Ia menekankan bahwa pembangunan di bidang kesehatan dan perumahan tidak dapat dilepaskan dari peran tata ruang yang efektif. Pemerataan fasilitas kesehatan, menurutnya, menjadi kebutuhan mendesak untuk menjawab tantangan pembangunan inklusif.

“Ketersediaan layanan dasar, mulai dari puskesmas hingga rumah sakit, harus dirancang agar mampu menjangkau masyarakat di pelosok desa maupun kawasan terpencil,” tambahnya.

Firdaus juga menyoroti pentingnya program perumahan bagi masyarakat berpenghasilan rendah. Ia menyebut penyediaan hunian layak sebagai bagian dari upaya meningkatkan kualitas hidup dan mengurangi kesenjangan sosial.

Dalam konteks tata ruang, Firdaus menegaskan bahwa setiap kebijakan harus mendukung agenda pembangunan jangka panjang. Penataan ruang yang baik dinilainya mampu mempercepat realisasi program infrastruktur dan pelayanan publik.

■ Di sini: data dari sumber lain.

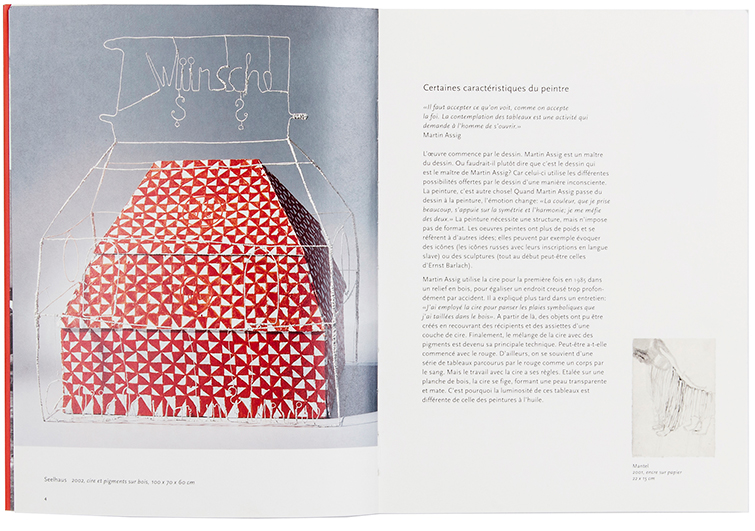 Kunstbuch Polka von Martin Assig - Booth Design Unit, Grafikdesign aus Berlin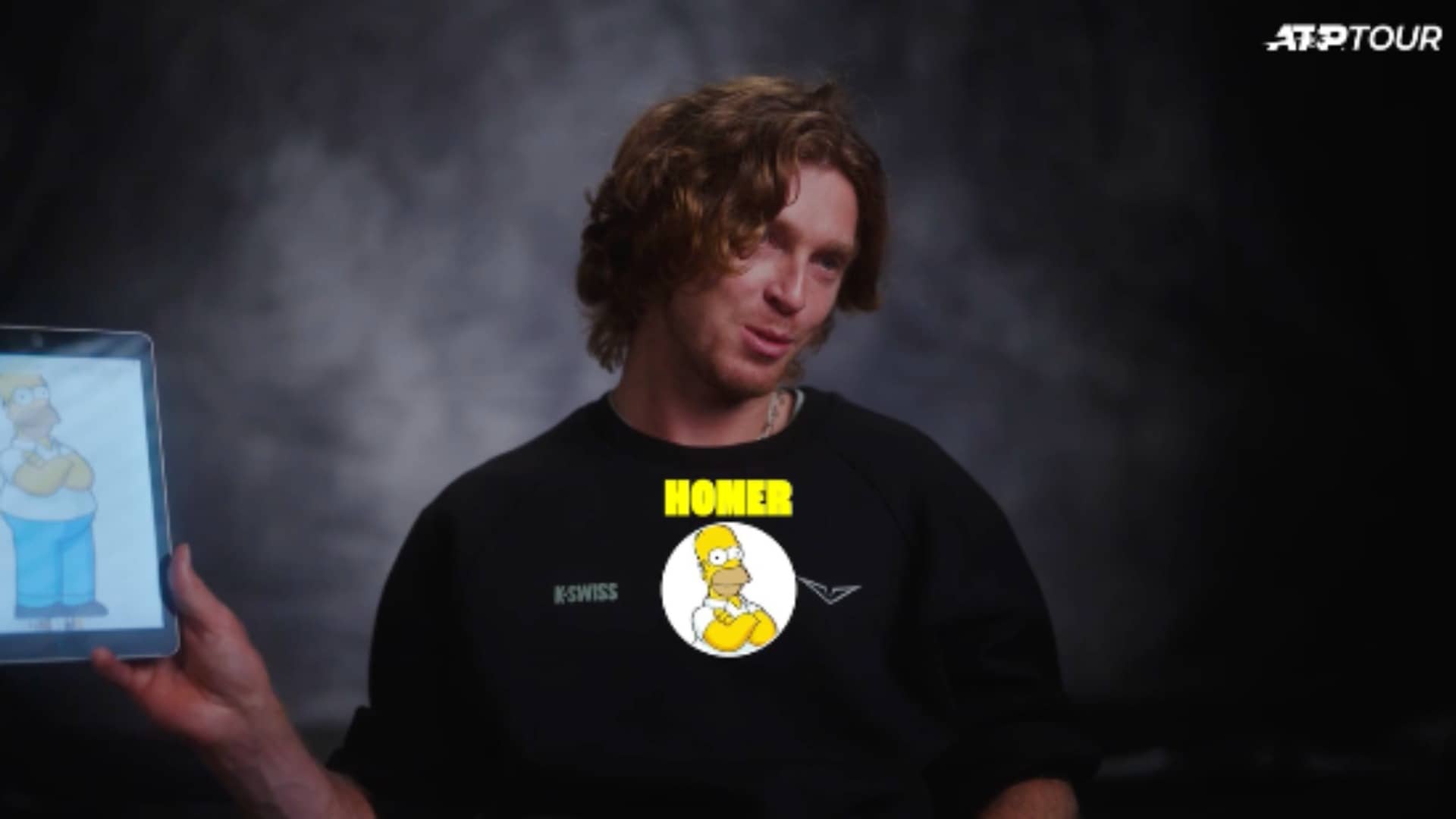 Watch ATP Tour stars guess iconic TV characters: 'I'm clueless!'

Ia menambahkan, keberhasilan program kesehatan maupun perumahan sangat bergantung pada sinergi antara pemerintah pusat, daerah, dan pemangku kepentingan lainnya. Keterlibatan masyarakat, dunia usaha, dan lembaga terkait disebut sebagai faktor penting dalam menciptakan pembangunan berkelanjutan.

“Setiap langkah pembangunan harus dikelola dengan prinsip keberpihakan kepada masyarakat. Ini soal keadilan dan kesejahteraan yang merata,” tutup Firdaus. (Mit).